基地へ向かう途中の会話
サイとピオンがゴーレムオーブからドランノーガを造ったばかりでまだヴィヴィアン、ヒルデ、ローゼの三人がいなかった頃。彼らは初めてのドランノーガの飛行訓練中に、アックア公国の街を襲おうとしている猪のようなモンスターの群れを発見して、それを撃退したことがある。
そのモンスターの群れはネズミに似た単独出産が可能な生物を食べたことにより、自己分裂能力を得た一匹のモンスターが増えたものであった。アックア公国の街へ突撃しながら数を増やし続けるモンスターの群れは通常の軍隊はもちろん、現代のゴーレムトルーパーではとても対処しきれず、もしサイとピオンがモンスターの群れを発見していなかったらそのアックア公国の街は今頃壊滅していただろう。
こうしてモンスターの群れを撃退してアックア公国の街を救ったことが切っ掛けとなり、サイとピオンはアックア公国とフランメ王国両方の上層部に名前を知られてここまで早く出世をする事が出来た。
そして今回のアックア公国軍と行う合同任務は、これと同種のモンスターの群れの討伐であった。
「それにしてもあの猪みたいなモンスターの群れが毎年やって来るアックア公国の風物詩だとは思いませんでした」
アックア公国軍の基地へと向かっている馬車の中でピオンは、あの時ドランノーガの主砲で全てを焼却した猪のようなモンスターの群れのことを思い出しながら呟く。現在馬車の中には彼女の他にサイとヴィヴィアン、そしてビークポッドの四人が乗っていてヒルデとローゼ、クリスナーガとブリジッタの四人は別の馬車でアックア公国軍の基地へ向かっていた。
「いや……。風物詩というのは少し違う気がするぞ?」
「じゃあ名物ですか?」
「そんな名物、俺は嫌だな……」
サイがピオンに話しかけてその言葉を聞いたヴィヴィアンが言うと、流石にモンスターが自国の名物であるのは嫌なビークポッドが苦い顔をした。そしてビークポッドの気持ちが分かるサイは彼に一つ頷いてから質問をする。

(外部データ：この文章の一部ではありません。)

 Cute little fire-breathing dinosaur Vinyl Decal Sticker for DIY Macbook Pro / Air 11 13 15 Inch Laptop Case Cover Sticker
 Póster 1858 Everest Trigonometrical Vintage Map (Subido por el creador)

「そうだな。それでビークポッド、モンスターの群れは一体何処に現れたんだ?」
アックア公国での拠点である屋敷で二つ目の合同任務の内容をブリジッタから聞いた日から今日で三日が経っていた。今彼らがアックア公国軍の基地へ向かっているのは、討伐するモンスターの群れが見つかったので、合同任務の準備に取り掛かるためであった。
「ああ、これを見てくれ」
サイに聞かれてビークポッドは懐からアックア公国の地図を取り出して広げると、地図のある一点を指差した。
「ここだ。このアックア公国の東にある海岸付近。この辺りで目的のモンスターの群れらしき影を見たという報告があったそうだ。ただ……」
「どうした? この場所に何か問題でもあるのか?」
言葉の最後に戸惑いを口にするビークポッドにサイが聞くと、彼は顎に手を当てて不思議そうな顔をしながら口を開いた。

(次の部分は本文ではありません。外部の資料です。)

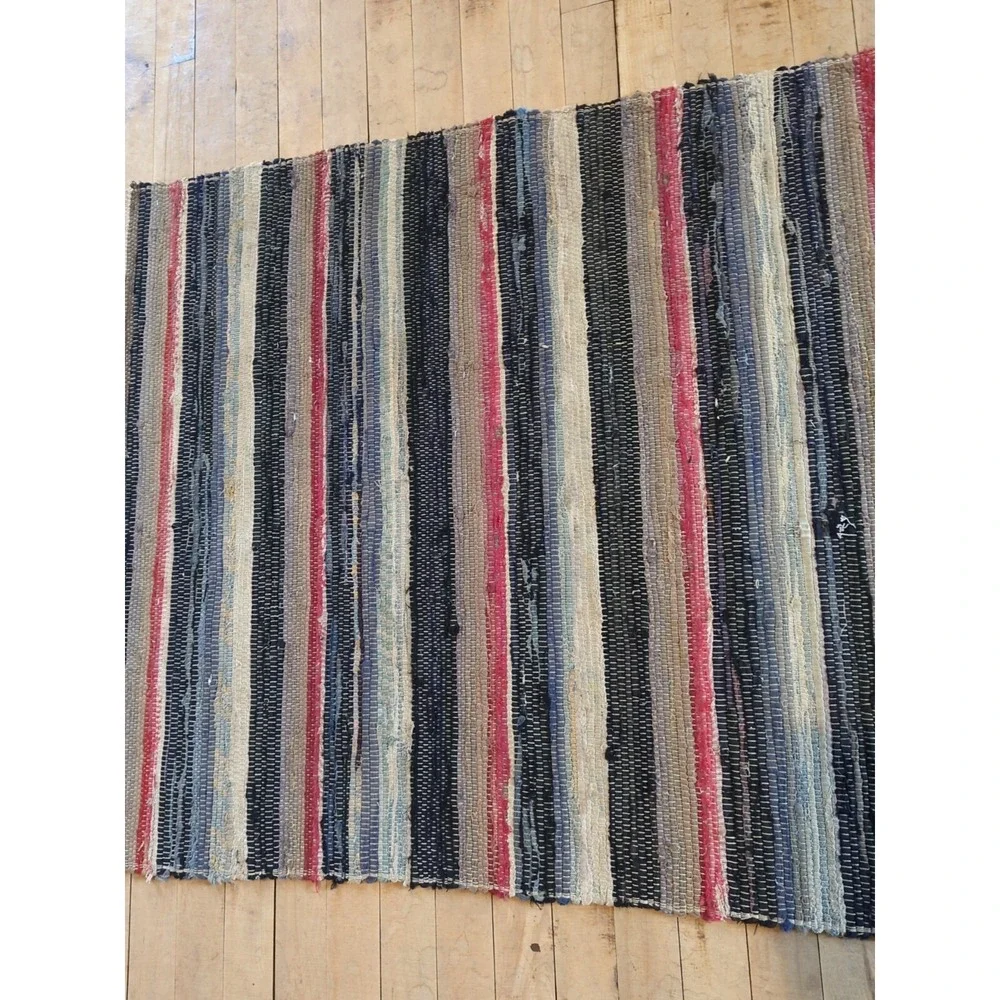 Antique Imported‎ Swedish Hand Made Rag Rug Runner (31.5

「いや、な……。例の猪のようなモンスターの群れは、毎年何処から現れてその現れる場所も毎年違うのだが、何故かこの場所の辺りでは今まで現れたことがなかったんだ。それが不思議でな……」
「それってどういうことですか? モンスターの群れに私とマスターが戦った時のような異常が起きていると?」
ピオンが言う異常とはモンスターの群れが自己分裂能力を得た時の事で、ビークポッドは彼女の言葉に首を横に振る。
「そこまでは分からない。ただこのままだとモンスターの群れは街に辿り着く危険があるので任務は準備が出来次第、すぐにでも行われる予定だ」
ビークポッドはピオンの質問に答えるとこれからの予定をサイ達に告げるのだった。